Maudore Minerals Ltd. is a Montreal-based mining exploration company. Shares purchased at an average cost of 40 cents have recently traded at $1.80. The company has a Quebec-based resource, with estimated 500,000 ounces of gold, Mr. Marleau said. Located near Val d'Or, it is likely to be sold to a larger producer, he added. In a takeover, which is possible within 18 to 24 months, the shares could triple in value, he suggested.

Gobimin Minerals Ltd. is a Toronto-based mining company active in China and other parts of Asia. Shares purchased at an average cost of 40 cents have recently traded at 82 cents with a 10 cent annual dividend. The company has $1.75 cash per share and has substantial exploration rights in China and other Asian countries. The high cash holdings mean that the investor is really buying money at a discount. The mining potential is an extra, Mr. Marleau said. Announcements are expected in June, at which time the company will reveal its revised business plan. With 12 to 18 months, shares should double, he suggested.
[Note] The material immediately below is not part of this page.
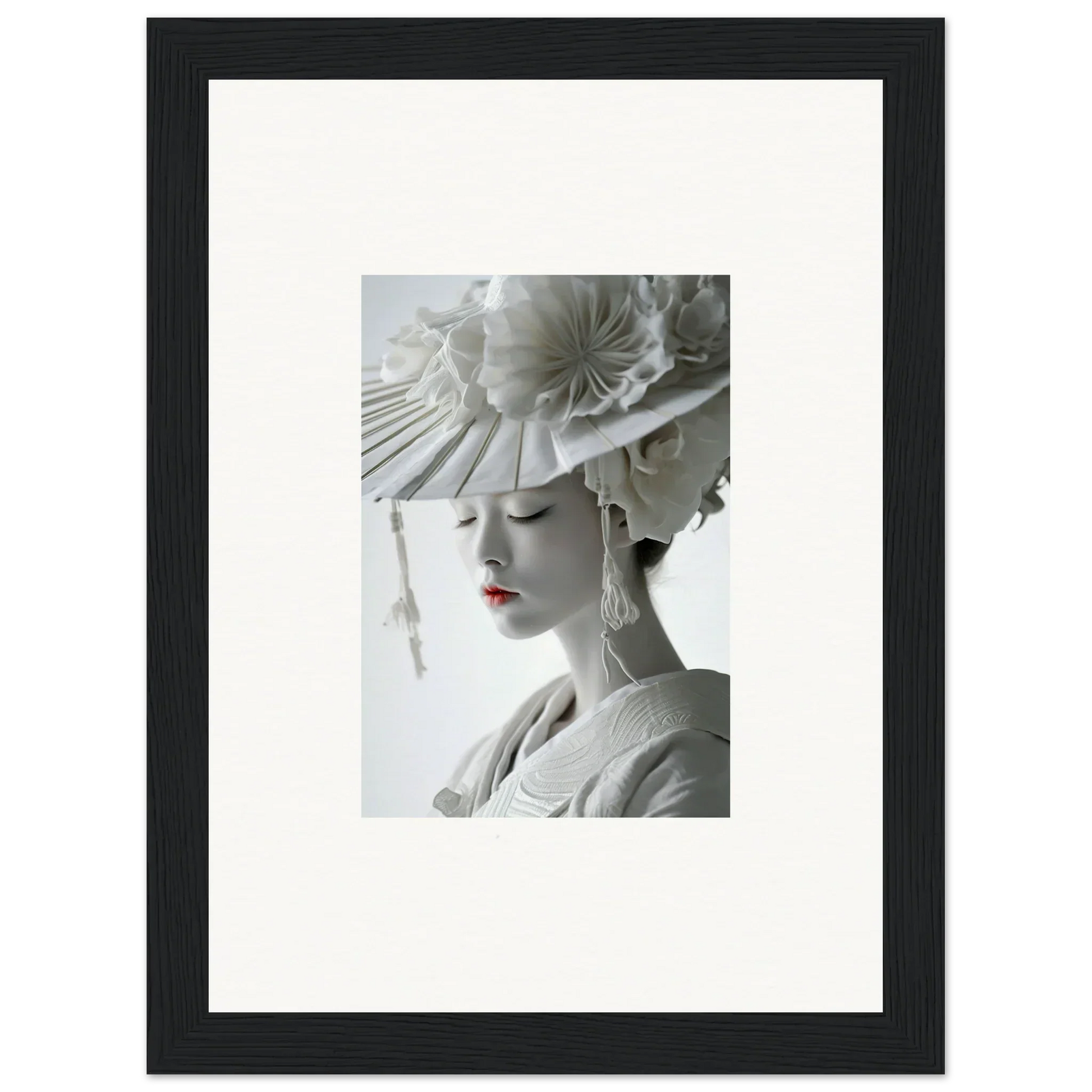 Framed black-and-white canvas print of a woman in an elaborate hat for petal dreams decor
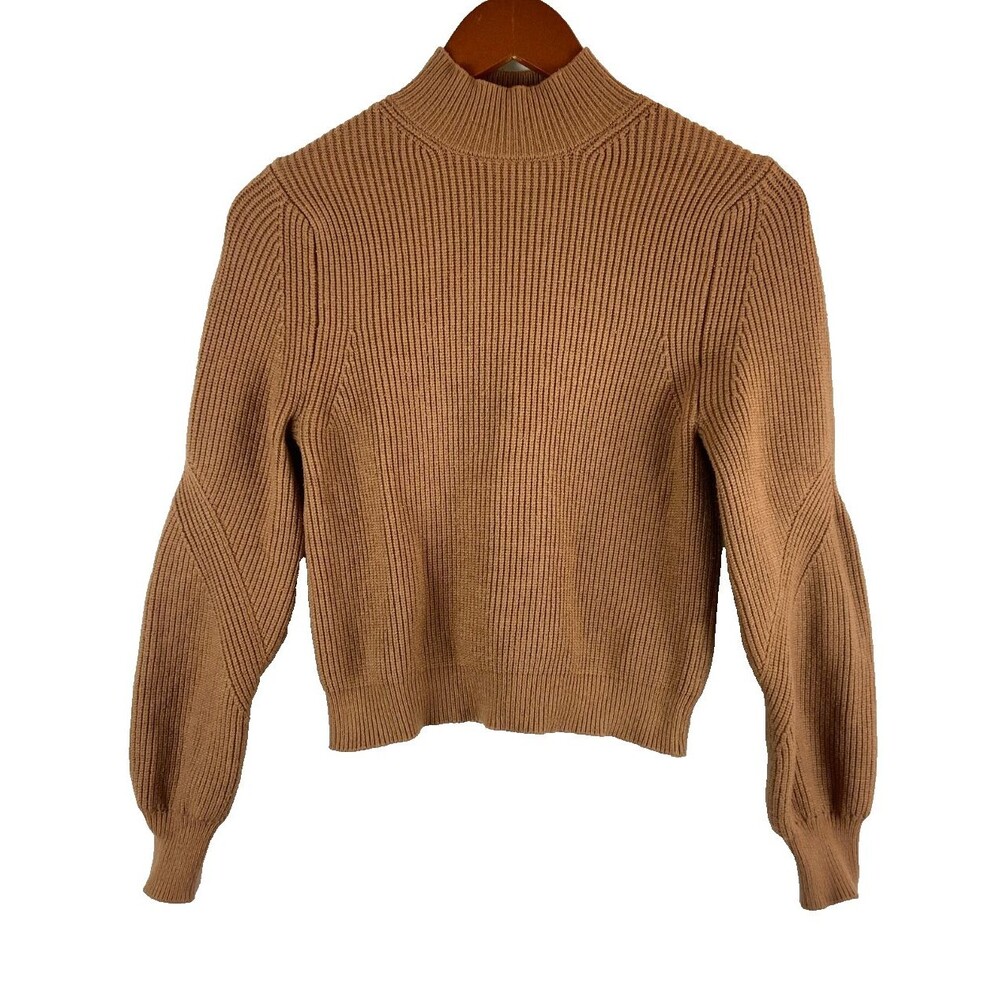 ZARA Women's Medium Brown Camel Mock Neck Long Sleeve Knit Sweater Cozy Fall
Mitec Telecom Inc. is Montreal-based company that builds wireless infrastructure . Shares purchased at an average cost of 10 cents have recently traded at 6.5 cents. Mitec's shares are very undervalued and should rise as cell phones continue to penetrate the market, Mr. Marleau said.. Canadian wireless providers are upgrading their networks, a process that generates sales for Mitec. Therefore, the company, which has had losses for several years, should move into the black by the second half of 2009, Mr. Marleau said. With 12 to 18 months, shares should rise to 25 cents, he added.